- [DATA PROVIDED]
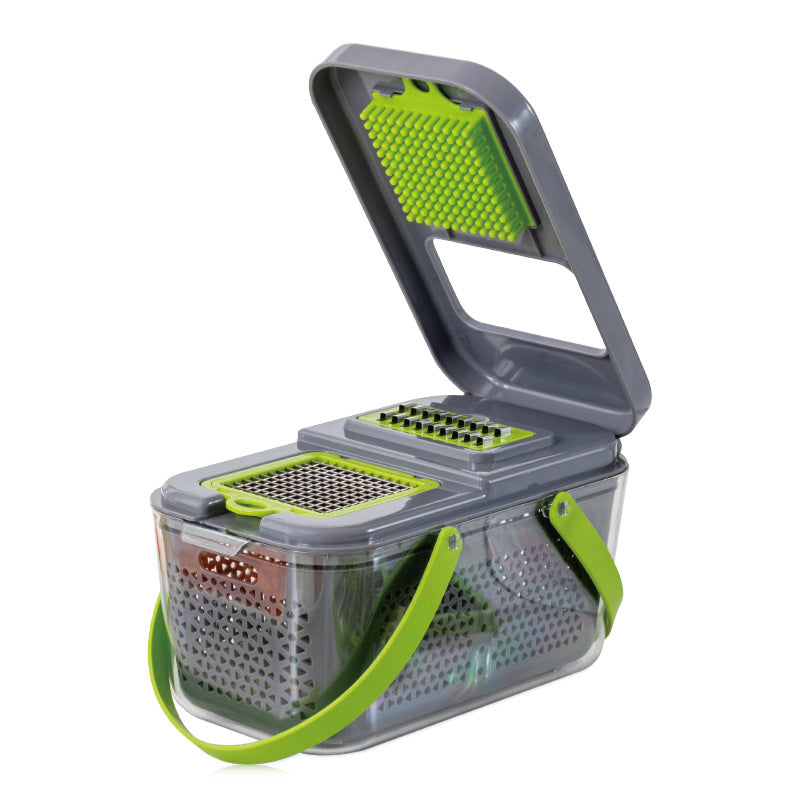 SHOWLU Multi-Functional Fruit Slicer and Lemon Dicing Machine, handheld kitchen tool for slicing citrus and fruits efficiently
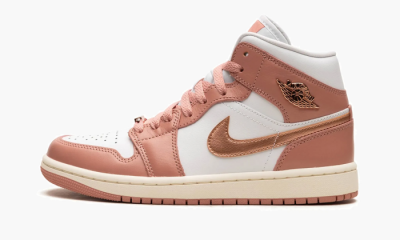 AIR JORDAN 1 MID WMNS "RED STARDUST" - 9.5W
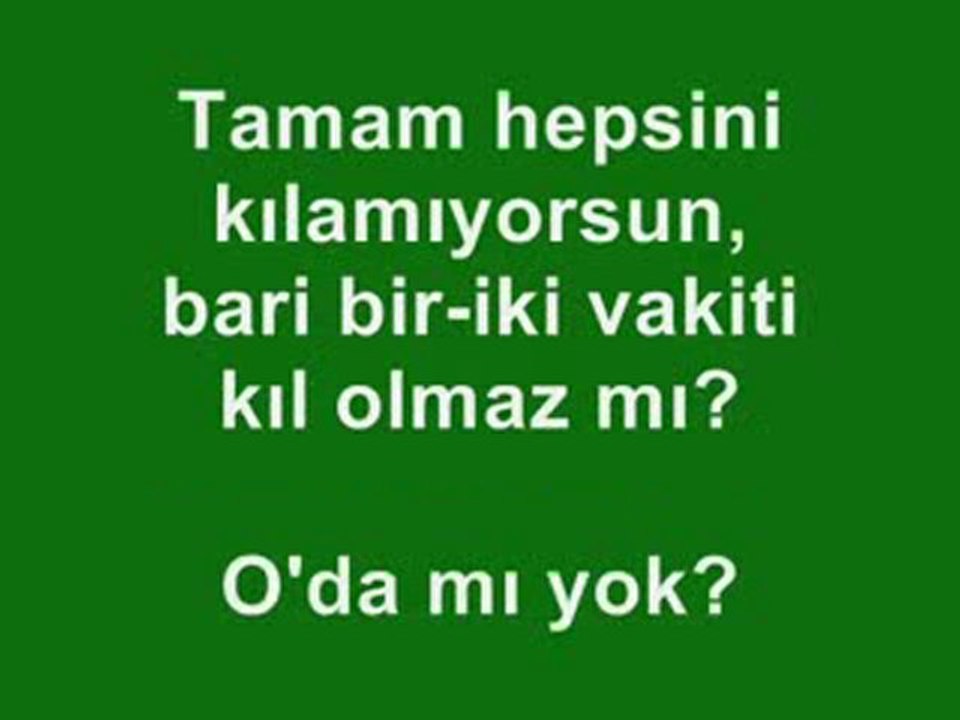 Namaz Kılmak Çok Zor mu ? geliyor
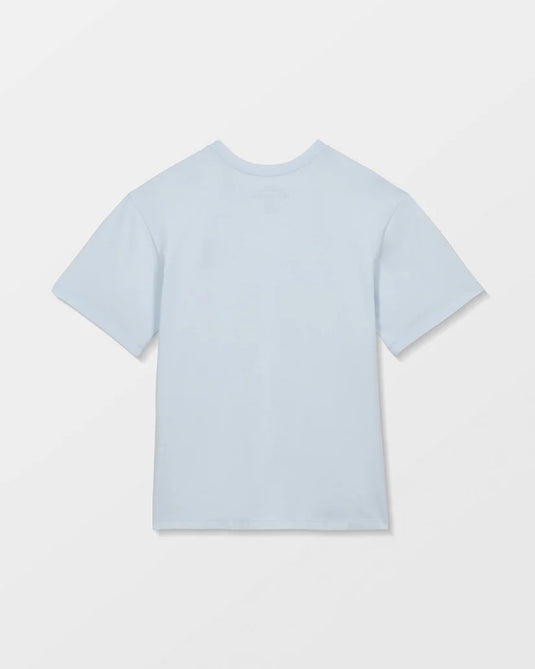 Volcom Kid's Ben Sanair 1 T-Shirt Light Blue Acid C3512618_LBA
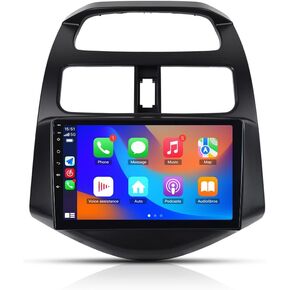 9 Inch Android 13 Touch Screen Car Stereo Radio for Chevy Spark 2013-2015 Wireless Android CarPlay Bluetooth WiFi GPS Navigation.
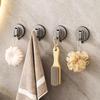 Suction Cup Hooks No Drill Hanger Non-Damaging Suction Cup Hooks with 15lbs Capacity for Coat Closet Kitchen Cabinet Wall Door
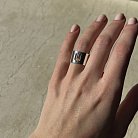 Серебряное кольцо "Герб Украины - Тризуб" 112676 от ювелирного магазина Оникс - 9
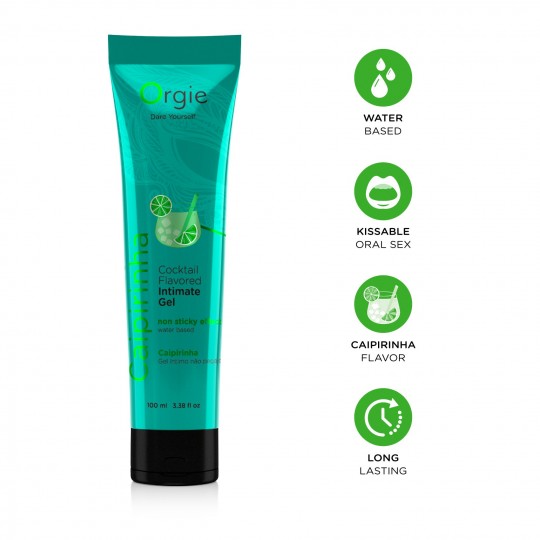GLEITMITTEL LUBE TUBE COCKTAIL CAIPIRINHA 100ML ORGIE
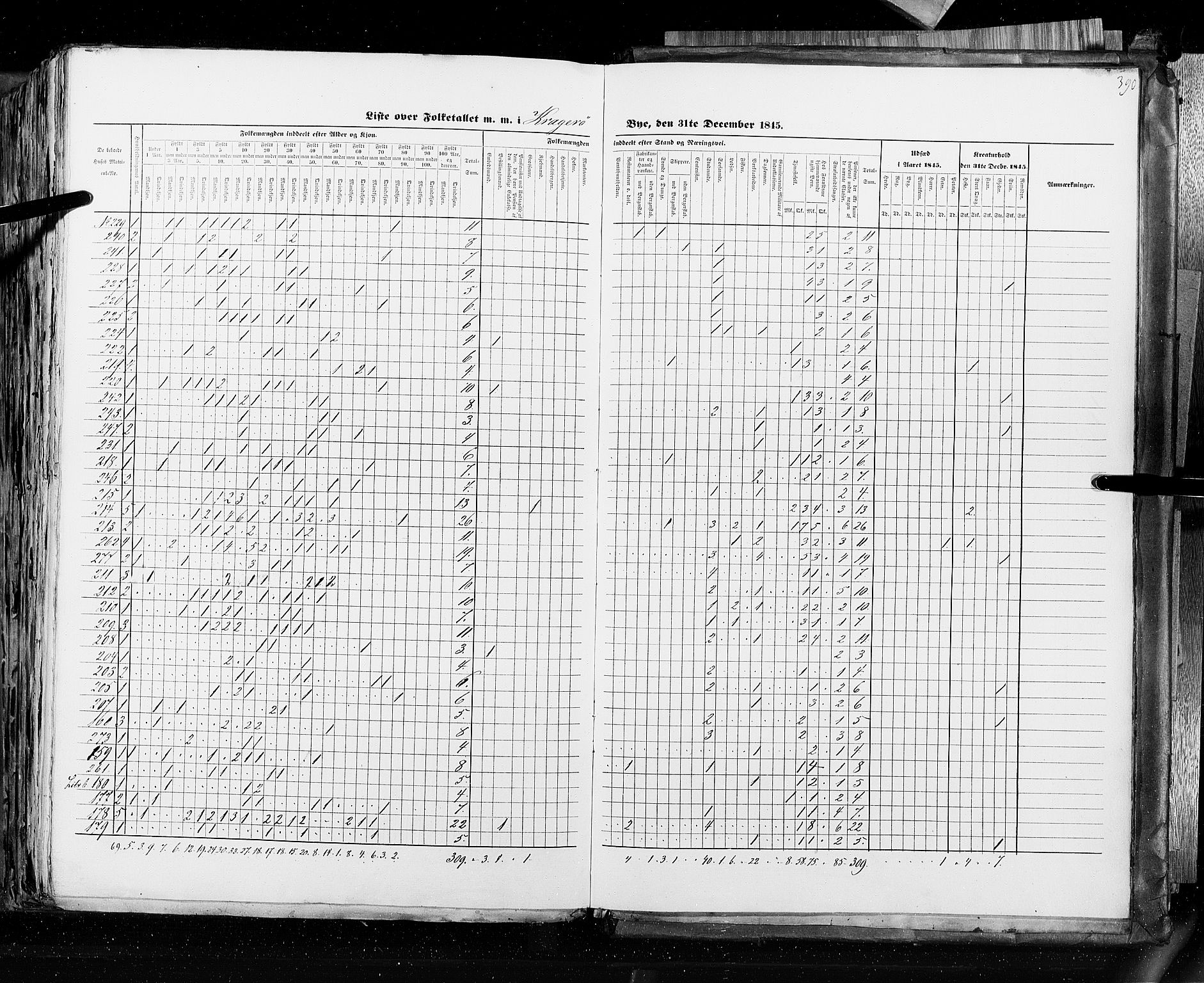 RA, Census 1845, vol. 10: Cities, 1845, p. 390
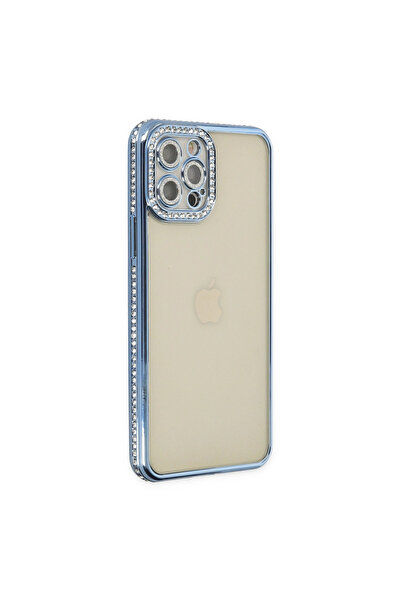 eco port iPhone 12 Pro Case Joke Stone Silicone - Blue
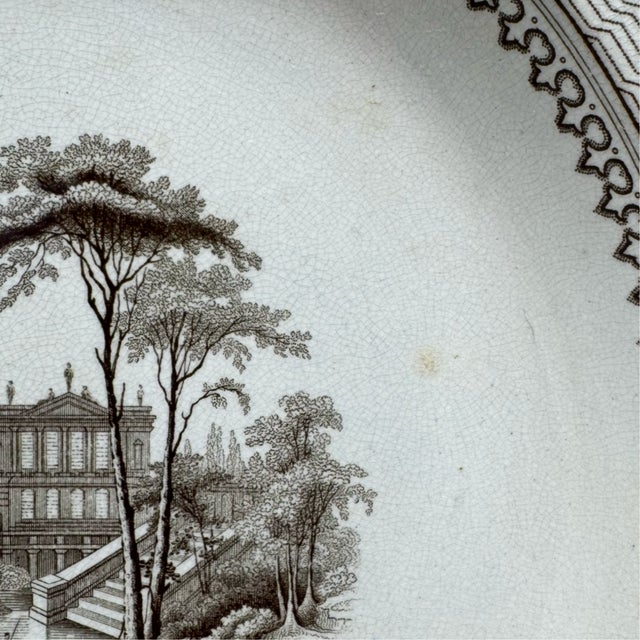 Antique 1844 John Ridgway Doria Stone Transferware Bowl For Sale In Houston - Image 6 of 7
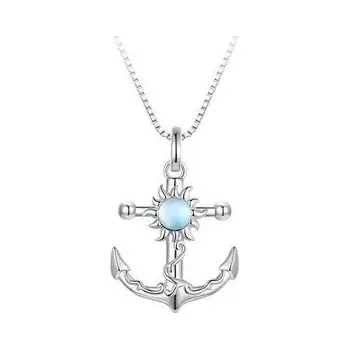 Náhrdelník For Silver Náhrdelník s přívěskem Kotva - Stříbro 925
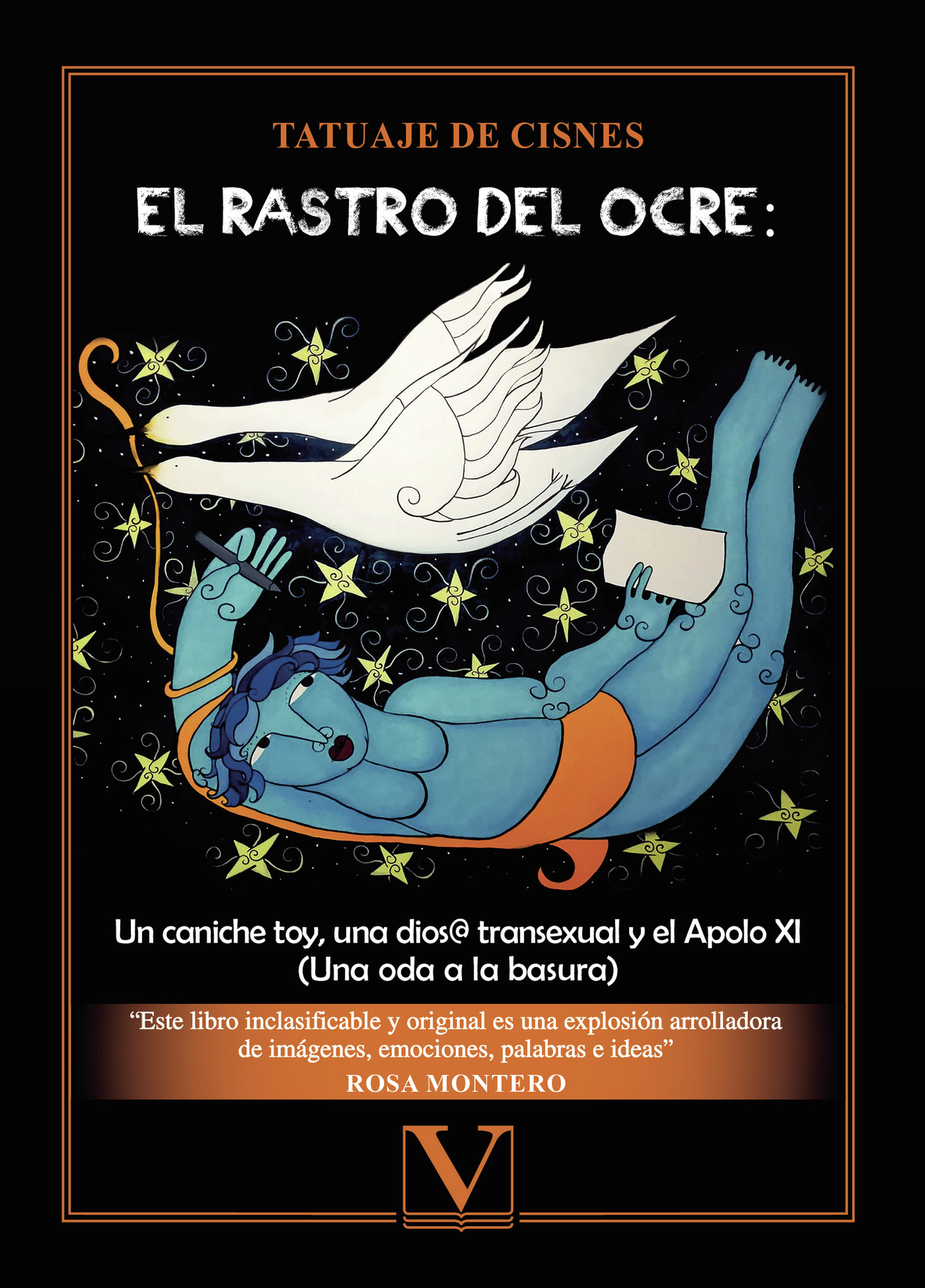 Portada de El rastro del ocre: un caniche toy, una dios@ transexual y el Apolo XI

- [WORK INSTRUCTION]
Print the lines from the beginning of the records up to and including the line containing "RA, Census 1845, vol.", word for word, with no pictures.

- [ANSWER TO THIS EXERCISE]
 SHOWLU Multi-Functional Fruit Slicer and Lemon Dicing Machine, handheld kitchen tool for slicing citrus and fruits efficiently
 AIR JORDAN 1 MID WMNS "RED STARDUST" - 9.5W
 Namaz Kılmak Çok Zor mu ? geliyor
 Volcom Kid's Ben Sanair 1 T-Shirt Light Blue Acid C3512618_LBA
 9 Inch Android 13 Touch Screen Car Stereo Radio for Chevy Spark 2013-2015 Wireless Android CarPlay Bluetooth WiFi GPS Navigation.
 Suction Cup Hooks No Drill Hanger Non-Damaging Suction Cup Hooks with 15lbs Capacity for Coat Closet Kitchen Cabinet Wall Door
 Серебряное кольцо "Герб Украины - Тризуб" 112676 от ювелирного магазина Оникс - 9
GLEITMITTEL LUBE TUBE COCKTAIL CAIPIRINHA 100ML ORGIE
 RA, Census 1845, vol. 10: Cities, 1845, p. 390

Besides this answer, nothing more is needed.